### What is expected
The lines to copy run from the one containing "Black Sleeveless Midi" to the end of the listing. Please write them out exactly, minus the pictures.

### Dataset content
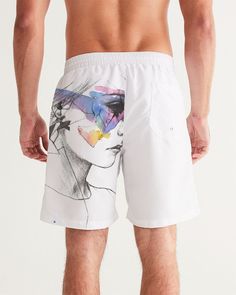 "Get ready to make a splash with these unique Abstract Lady Swim Trunks by Frances Pierre-Giroux. Featuring a playful abstract design, these swim trunks are sure to turn heads. Stay stylish and comfortable at the beach or pool with these must-have men's swim trunks. (Fun in the sun never looked so good!)" About The Art Product Details Head to the beach in our classic fit Men's Swim Trunks made with comfort in mind. With an adjustable drawstring waistband, its smooth and durable materials made with UPF 50+ gives you premium UV protection. Soft, lightweight fabric Drawstring waistband UPF 50+ Built-in mesh brief Two side, one back slip pocket Printed, cut, and handmade Size & Fit Runs true to size Inseam 7" Measurements vary, +/- 0.5" per size Model is 6'2" wearing size Large Material & Care Fun In The Sun, Mens Swim Trunks, Man Swimming, Drawstring Waistband, Swim Trunks, Upf 50, Mens Fitness, Lightweight Fabric, Abstract Design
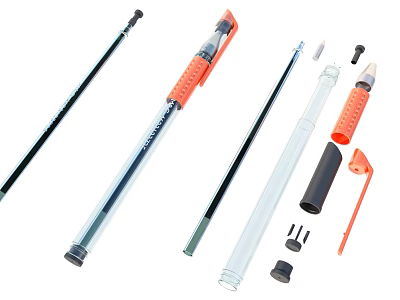 Detailed Disassembled Pen Components With Clear Barrel Orange Grip And Mechanical Parts 3d model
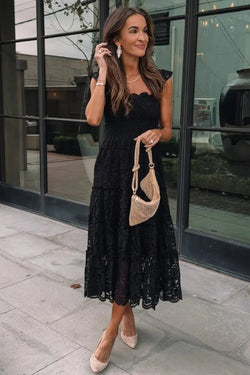 Black Sleeveless Midi Dress with Smocked Lace Bodice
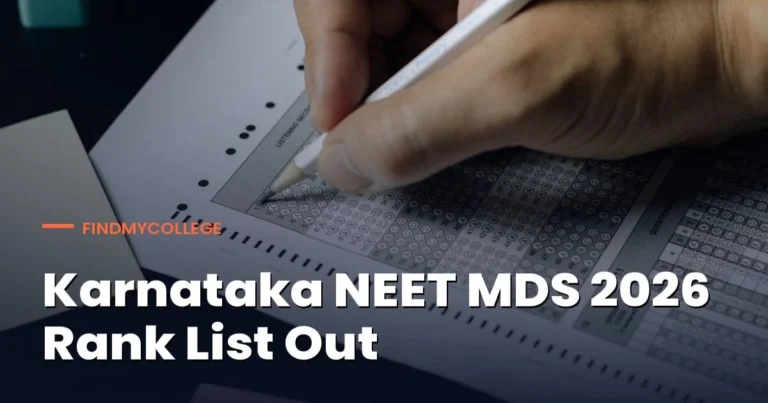 Karnataka NEET MDS 2026 Rank List Out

### Task response
 Black Sleeveless Midi Dress with Smocked Lace Bodice
 Karnataka NEET MDS 2026 Rank List Out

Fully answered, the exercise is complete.